"Cheer up," they told me, "things could be worse."
So I cheered up—and sure enough, things did get worse. In contrast to man’s well
meaning, but empty phrases, when Christ tells us to cheer up, there is every good reason
to do so. On at least three occasions, He told his disciples to "Be of good
cheer," then immediately followed it with the reason why. Christ gives us three
powerful cheers from God for three primary fears of man.
The most compelling fear of any informed, intelligent person is fear of
the Punishment of God. God’s assessment of man is, "There is none that
doeth good, no, not one." (Psa.14:3) He warns us of a terrifying judgment day when
the doomed will hear Him say, "Depart from me, ye cursed, into everlasting fire,
prepared for the devil and his angels... these shall go away into everlasting punishment.
"Be of good cheer;" Christ told the paralytic, "thy sins
be forgiven thee." (Matt.9:2) For the ultimate of fears, there is the ultimate of
reasons to be of good cheer: Pardon through Christ. Because of the sacrificial
death of Christ on the cross, unconditional forgiveness of sins is available! For the one
who has accepted Jesus Christ as Savior, let this fact put everything else into
perspective.
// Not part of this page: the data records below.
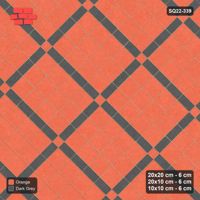 Interlock (Pasco) 20x20 cm · SQ22-339 · 45-Degree 3x4 Panel Grid, Light Crossings, Kerb Frame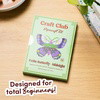 MIDNIGHT PETITE BUTTERFLY - Wall Art 3D Puzzle Kit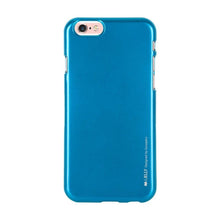 Заредете изображение във визуализатора на галерията – I-jelly mercury гръб за iPhone 7 / 8 blue with logo hole - TopMag
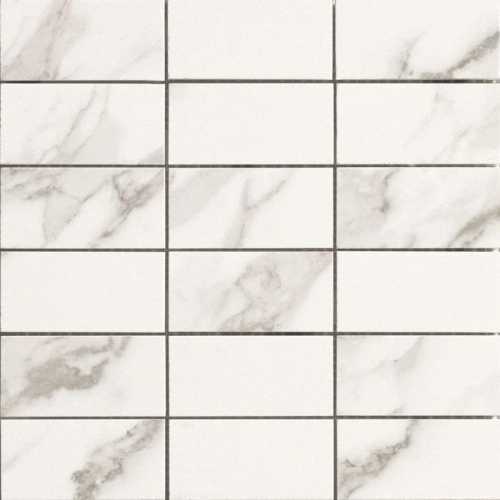 Мозаика Casalgrande Padana 2705417 Marmoker Mosaico Statuario Grigio Lucido 5x10 30x30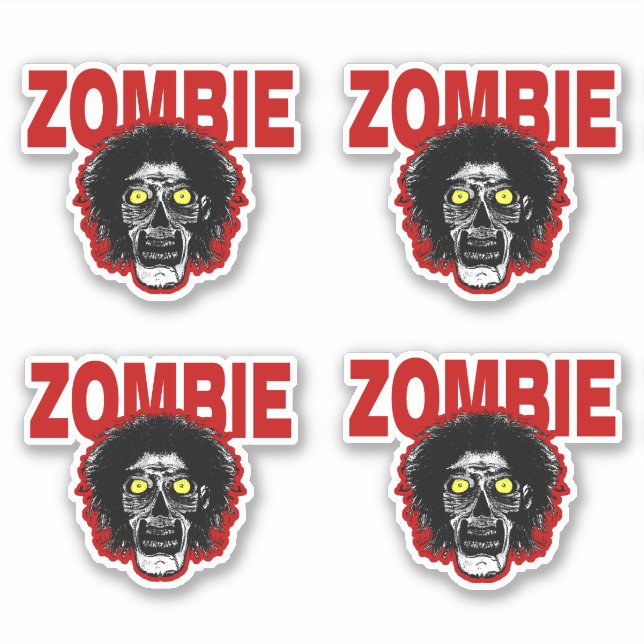 Pegatina ZOMBIE-Head (Anverso)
All temporal, personal concerns should fade into trivial insignificance when
compared with the fact that "I’m forgiven. Praise God, I’m forgiven!"
In the light of "Be of good cheer; thy sins be forgiven thee" let vanish every
looming anxiety: My sins are gone! I’m a child of God! My future is Heaven!
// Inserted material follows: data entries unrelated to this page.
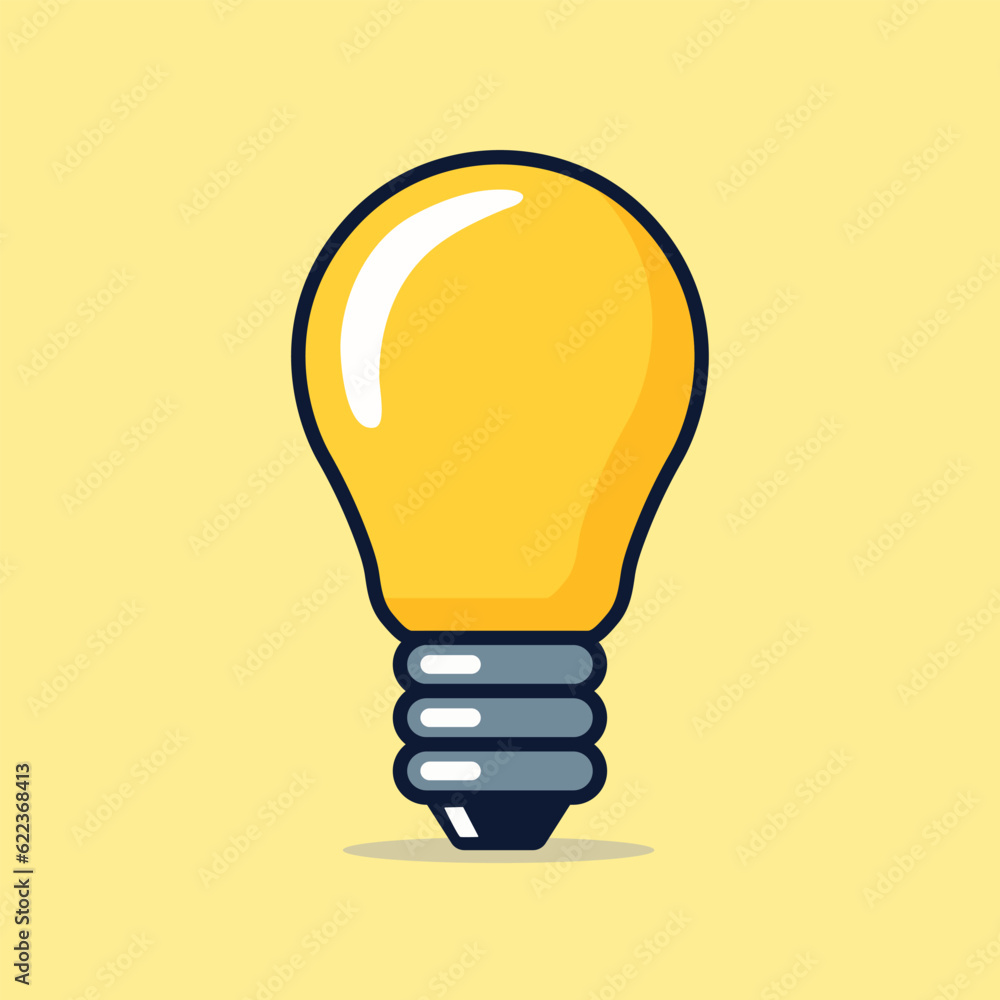 Lightbulb. Vector clipart. Vector illustration isolated on a colored background. Lightbulb. Vector clipart. Vector illustration isolated on a colored background.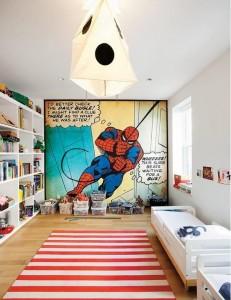 Decoración con la temática de superhéroes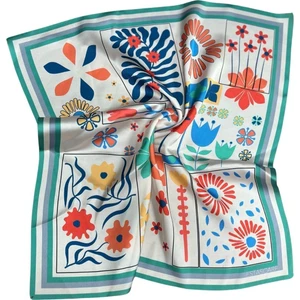 Çiçek Desenli Fular Estascarf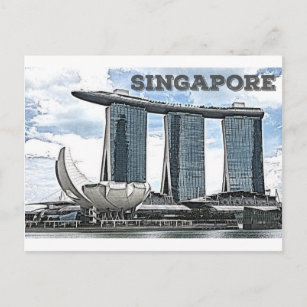 Marina Bay Sands - Singapur Postkarte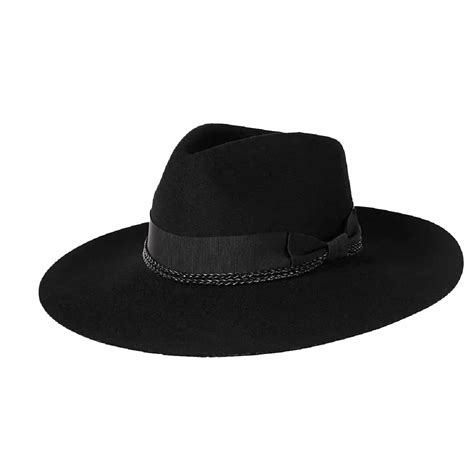 Felt black hat | Coveti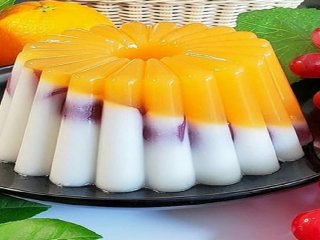 طرز تهیه ژله با آب پرتقال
The English phrase "Be of good cheer" is translated from a
single Greek word, "tharseo" with the combined meaning of "Be of good
cheer; Be of good comfort; Be of good courage." With knowledge of sin forgiven, we
can be joyful, consoled and unafraid.
The Lord and His disciples had had a long, hard day. Christ told His
disciples to cross the Sea of Galilee while He went to a mountain to pray. A violent storm
blew up and soon the disciples were rowing for their lives. Then, of all things, a
"ghost" showed up and the disciples screamed in terror. All of us face the fear
of the Perils of Life: adverse circumstances, work stress, job loss, loss of a
loved one, ill health, failure of an important school exam or other challenge.... Such
fears can be overwhelming. The disciples, in response to their terrified cries, heard a
familiar, reassuring voice, "Be of good cheer; it is I; be not afraid."
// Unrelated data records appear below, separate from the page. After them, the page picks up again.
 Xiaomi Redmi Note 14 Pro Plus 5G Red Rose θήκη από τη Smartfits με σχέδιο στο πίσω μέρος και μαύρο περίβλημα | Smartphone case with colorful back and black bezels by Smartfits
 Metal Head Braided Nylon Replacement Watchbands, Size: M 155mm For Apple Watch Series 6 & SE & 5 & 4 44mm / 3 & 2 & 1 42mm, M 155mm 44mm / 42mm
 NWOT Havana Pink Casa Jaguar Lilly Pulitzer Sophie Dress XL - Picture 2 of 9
(Matt.14:27) For this second basic fear, the cheer is the Presence of Christ. No
matter what the circumstance, "He hath said, I will never leave thee, nor forsake
thee." (Heb.13:5) The Lord Jesus Christ is able to change every adversity but if in
His wisdom He chooses not to, we can rest in His sustaining presence. "Fear thou not;
for I am with thee: be not dismayed; for I am thy God: I will strengthen thee; yea, I will
help thee; yea, I will uphold thee with the right hand of my righteousness." (Isa.
The Greek word, "tharseo" is in the present tense. The
comfort that we experience from the presence of Christ is for the here and now, not the
ill defined future. We can rest in it today.
A third and sometimes very real fear is Persecution by Man.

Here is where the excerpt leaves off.